Weakly-Supervised Reinforcement Learning for Controllable Behavior

Authors: Lisa Lee, Ben Eysenbach, Russ R. Salakhutdinov, Shixiang (Shane) Gu, Chelsea Finn

NeurIPS 2020 | Conference PDF | Archive PDF | Plain Text | LLM Run Details

Reproducibility Variable Result LLM Response
Research Type Experimental On a variety of challenging, vision-based continuous control problems, our approach leads to substantial performance gains, particularly as the complexity of the environment grows.
Researcher Affiliation Collaboration 1Carnegie Mellon University 2Google Brain 3Stanford University
Pseudocode Yes Algorithm 1 Weakly-Supervised Control
Open Source Code No The paper does not contain an explicit statement or a direct link indicating that the source code for the methodology described in this paper is publicly available. While it references a dataset with a GitHub link, this is not the paper's own implementation code.
Open Datasets No The paper states: 'To generate the Sawyer datasets shown in Fig. 2, we corrected the sampled factor combinations to be physically feasible before generating the corresponding image observations in the Mujoco simulator.' and 'Both the training and test datasets were generated from the same distribution, and each set consists of 256 or 512 images (see Table 6).' However, it does not provide concrete access information (link, DOI, or citation for public availability) for these generated datasets.
Dataset Splits No The paper states, 'Both the training and test datasets were generated from the same distribution, and each set consists of 256 or 512 images (see Table 6).' While it mentions training and test datasets, it does not specify any validation splits, percentages, or absolute counts for training/validation/test partitions.
Hardware Specification No The paper does not provide specific hardware details such as GPU/CPU models, processor types, or memory amounts used for running its experiments.
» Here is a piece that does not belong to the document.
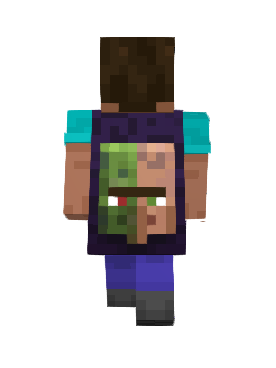 A new cape will be ariving some time in the future for the Minecraft Experience Event the cape being the Minecraft Experience Cape! Design in testing and possible to change.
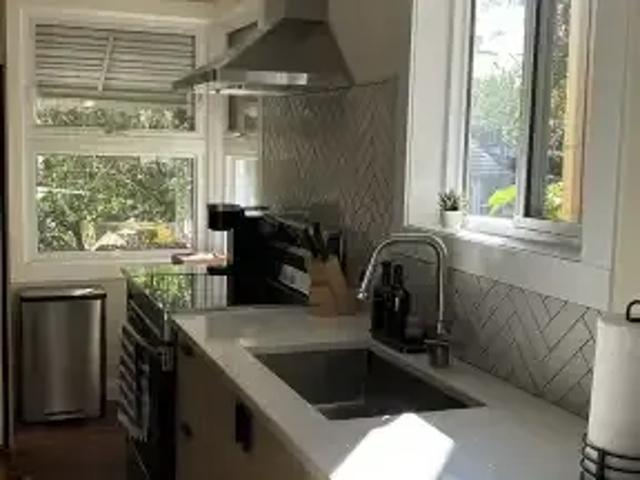 For Rent 4 Bedroom House Edmonton AB DS106181274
It only mentions the use of the Mujoco simulator for generating datasets, which is software, not hardware.
Software Dependencies No The paper mentions software like 'Mujoco simulator', 'OpenAI Gym', and 'ManiSkill', but it does not provide specific version numbers for any of these components or other key software dependencies required for replication.
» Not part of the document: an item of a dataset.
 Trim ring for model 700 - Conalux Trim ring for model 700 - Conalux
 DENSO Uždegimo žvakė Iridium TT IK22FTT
Experiment Setup Yes We use Soft Actor-Critic (SAC) [33] with the default hyperparameters from the official SAC codebase, with the exception of the learning rate, which we set to 3e-4, and the reward scale, which we set to 0.1. We also use a larger latent dimension of 64 instead of 10 and 20 for our VAE models in the Sawyer environments. We train each agent for 2M environment steps.